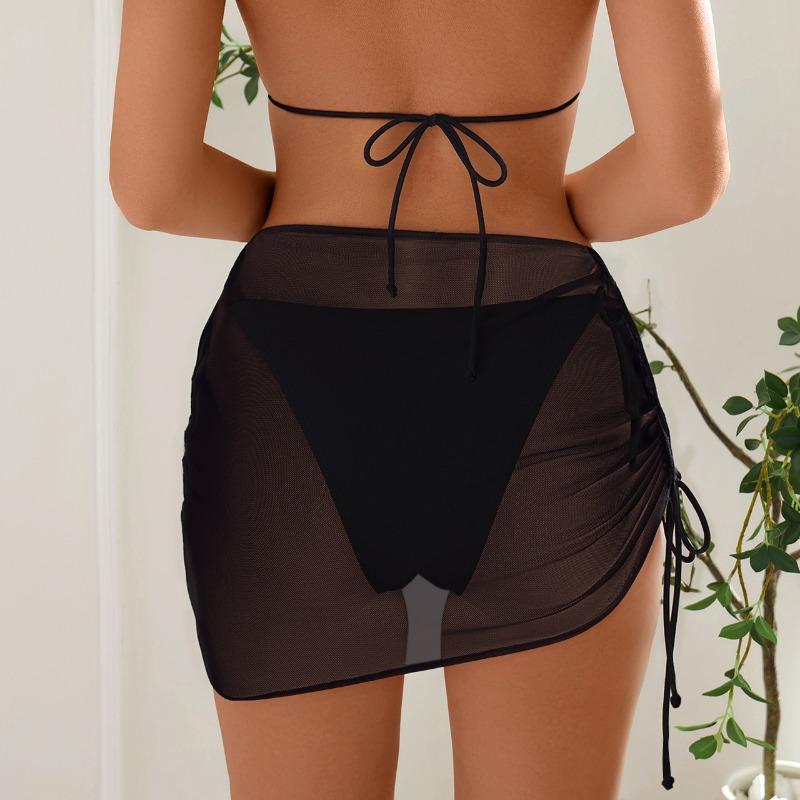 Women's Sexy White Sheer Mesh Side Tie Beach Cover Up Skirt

...

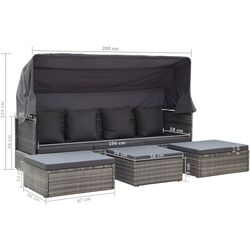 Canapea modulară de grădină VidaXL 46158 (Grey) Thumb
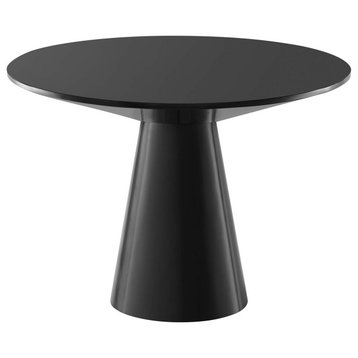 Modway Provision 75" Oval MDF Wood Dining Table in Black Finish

■ PROBLEM TO WORK ON ■
Within the entries above, the lines from the one containing "Canapea modulară de" through the one containing "in Black Finish" are to be transcribed exactly, ends included, pictures excluded.

■ SOLUTION TO THIS PROBLEM ■
 Canapea modulară de grădină VidaXL 46158 (Grey) Thumb
 Modway Provision 75" Oval MDF Wood Dining Table in Black Finish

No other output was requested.